First published on 14th May 2026
Predicting olfactory perception directly from molecular structure is central to product design in a wide range of industries, such as perfumery, food and beverage, and health care. Among olfactory attributes, odor strength is a key factor in shaping odor perception, but its modeling has been impeded by scarce and fragmented intensity data. In this work, we introduce an ordinal odor strength data set of more than 2300 molecules by integrating two different public sources, mapping structures to odorless, low, medium, and high categories. Across several molecular encodings and supervised learning algorithms we compared different prediction strategies. Dimensionality reduction and SHAP analysis identified molecular shape, size and polarity as primary drivers, consistent with mass-transport constraints on volatility, sorption, and receptor access. This scalable ordinal framework enables reliable odor-strength estimation for novel molecules and provides a foundation for in silico fragrance design.
Underlying the fragrance perception is the fact that the chemical space of odorous compounds is inherently restricted with mass transport largely determining whether a molecule is odorous or not.2 To be perceived, molecules must be sufficiently volatile to evaporate, travel the nose, and reach the olfactory epithelium. Yet, they also must possess the right balance of polarity and hydrophobicity to traverse the mucous layer and interact with olfactory receptors to trigger an olfactory receptor neuron. This process is illustrated in Fig. 1.

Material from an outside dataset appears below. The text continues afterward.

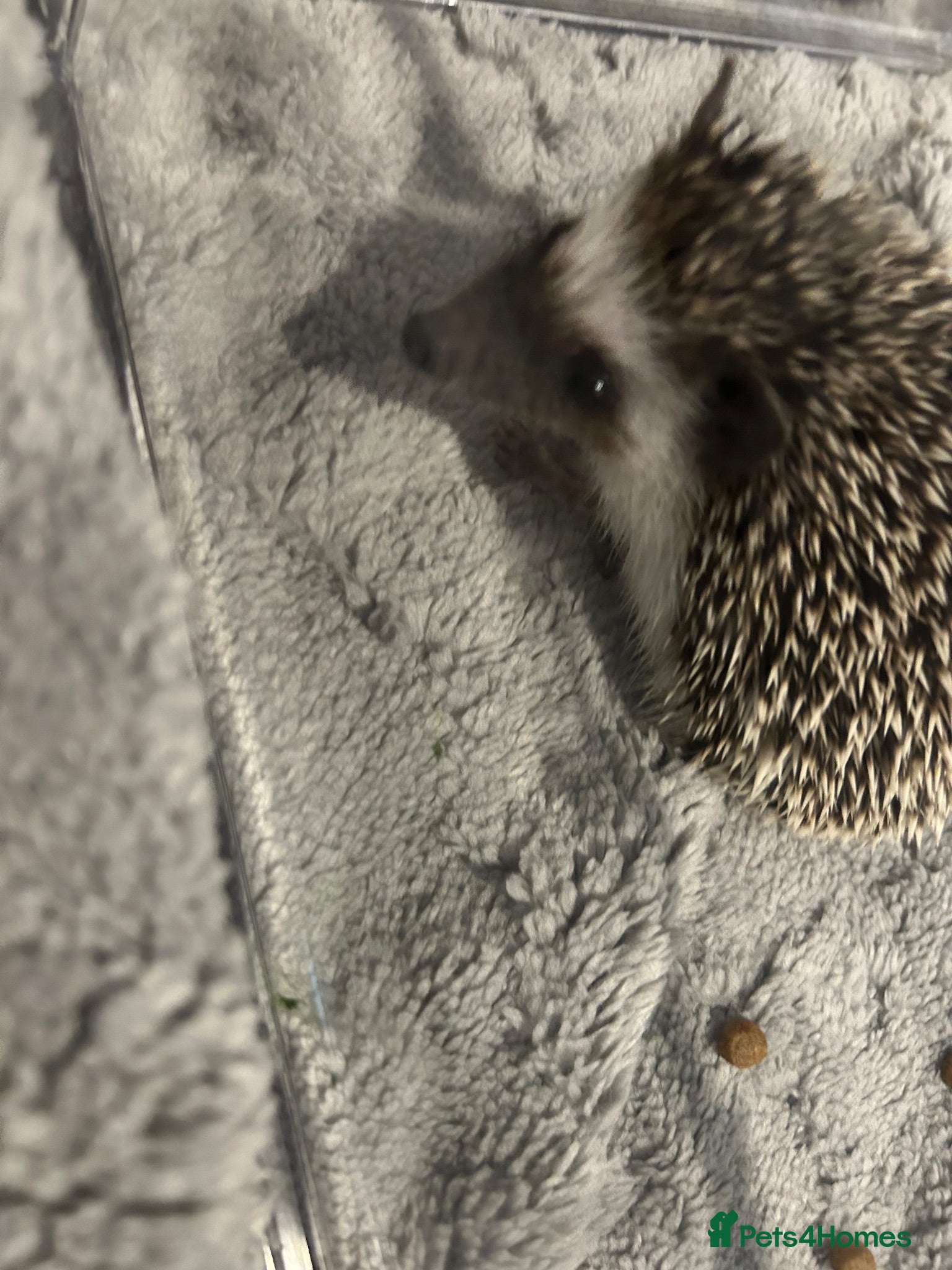 Pygmy Hedgehog rodents African Pygmy hedgheog + enclosure  - Advert 3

While simple rules delineate which molecules can be perceived as odorous at all,2 no comparable general rules with reliable predictive performance exist for more complex qualities of smell, such as odor similarity, intensity, or character, the latter often being described with words like fruity, floral, or rose. Addressing these high dimensional structure-perception relationships requires data-driven approaches, and has motivated the application of machine learning to predict odor similarity3 or character4–15 so far. For example, Lee et al.4 developed a principal odor map based on a message-passing neural network. The model was trained on odor character descriptions and generalized on odor thresholds and odor similarity. Sisson et al.15 extended this approach to binary perfumery blends. As these studies show, the predominant focus in this direction is on the character of the odor rather than its strength even though odor intensity is a decisive factor in the perception of odor. This lack of studies is further reflected in the larger data sets of thousands of compounds available containing descriptive language of odorants, such as data sets like Good Scents16 or Leffingwell.17 Only a few studies recorded odor intensity-perception data of molecules with less than 600 different investigated substances in total.18–24
With respect to the scarcity of intensity data, current state-of-the-art approximations are simple models to predict the psychophysical intensity curve of an individual odorant. Examples are linear (odor values),25 exponential (Stevens' law),26 or parabolic (e.g. Hill's model)27 approaches. However, such models face several limitations, such as limited accuracy for predictions at high concentrations of odorants due to the missing modeling of receptor saturation (linear and exponential) and being based on highly variable odor detection thresholds (linear and exponential).28 The latter does not necessarily equal perceived intensity.29 Recent work has begun to address this issues by predicting parabolic psychophysical curve parameters and extending these predictions to mixtures, using a set of 62 distinct molecules.30
To overcome the scarcity of data and allow for machine learning training on odor strength, we introduce the first odor strength data set containing over 2300 molecules that allows for generalization across a variety of odor components. Therefore, data from two different sources, namely the Good Scents Company16 and PubChem,31 were curated and combined. Using these data, we further investigated the capacity of different descriptors and regressors to predict the odor strength. To our knowledge, these are the first machine learning-based models to predict odor strength categories as an estimate of the odor intensity from molecular structures. An overview of the process is illustrated in Fig. 2.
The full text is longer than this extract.